Right now I am in the stage of cleaning where everything looks much worse than it did when you started--piles of stuff everywhere, garbage being taken out multiple times a day. And, of course, I have several vultures circling the garbage constantly--my husband tries his best not to look, but the little boys are very prone to the "Imma! Look what I found! Look what I found in the garbage!" Oh look, it's the sharp stick-with-hook from a broken drop spindle! Back in the garbage, please, just because I am mean.

So far the only part of the Grand Plan that has actually been confirmed is that the holy Sarah Peasley has offered to adopt the lovely but aged Emese Cat, who I seriously don't think would survive the flight, much less the transition. She's going to be fourteen this summer and her nerves are, um, exactly what they've always been. Shot.

To accomplish this week: get passport pictures and passport applications for Marika and Barak (his passport expired in July), finish cleaning out office, and finish dealing with storage space. It needs to be empty before I can start filling it up again. I'm not actually packing anything until we have an answer at least on the telecommuting or on the program, and we might not have either until Pesach. I wish I could, because it'll be a lot harder to do this before my maternity leave ends--a week from Monday. It always goes so much faster than you think it will. This time next week will be my last day of leave. B"H for telecommuting--otherwise I'd be a wreck right now. As it is, I'm wondering how I will manage it, but I know I will manage somehow.

In the meantime, I am squandering precious naptime. Back to sorting through stash.

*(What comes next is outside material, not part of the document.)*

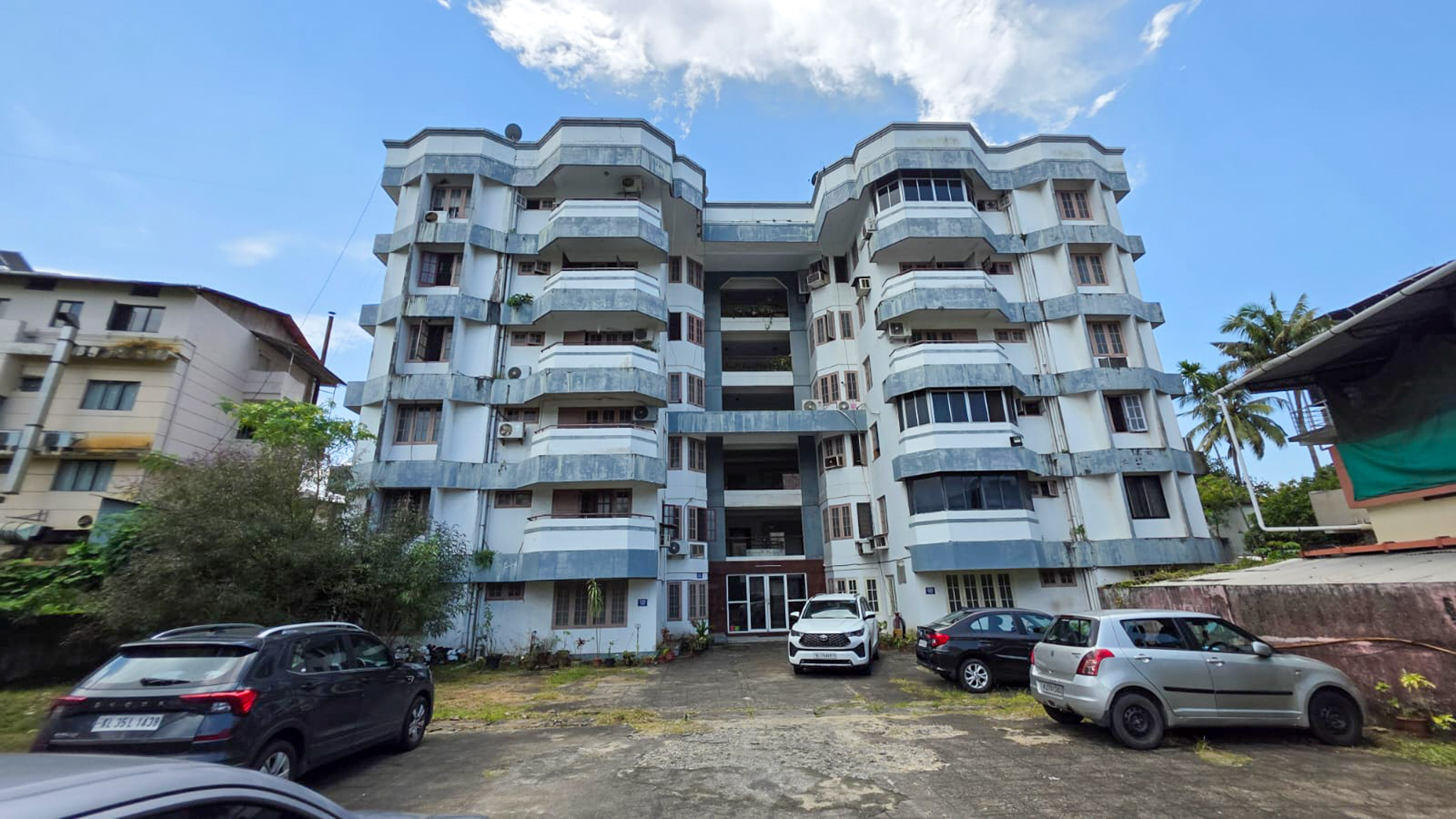 1 BHK Flat for sale in TETRA CORE of SHWAS Homes Pvt Ltd, Aduvathuruthu, Karumaloor, Aluva — photo 5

Wednesday, February 10, 2010

Pinch me

Tonight I was sitting in the kitchen nursing the baby as my husband and the kids finished up dinner. Barak saw my water bottle empty on the kitchen table and offered to fill it up for me; I said yes please, and he dragged a chair over to the sink and started filling the bottle up, which is something he likes doing. So there I was, baby nursing away, husband and Iyyar at the table polishing off green beans and fish sticks, Avtalyon in his high chair enjoying his spinach noodles, and me watching Barak, perched on a kitchen chair with his red stripey shirt, airplane kippa, and payes sticking out.

It doesn't seem real sometimes. It seems too good to be true, too good to be happening to me, and sometimes, I half expect to wake up back in high school or back at my old apartment, alone, to find it was all a dream.

No other place, no other time, is as good as this place, this time, right now. It's hard to think of asking for anything else, asking for anything more. Every time I start to say "please," all I can think is, "thank you."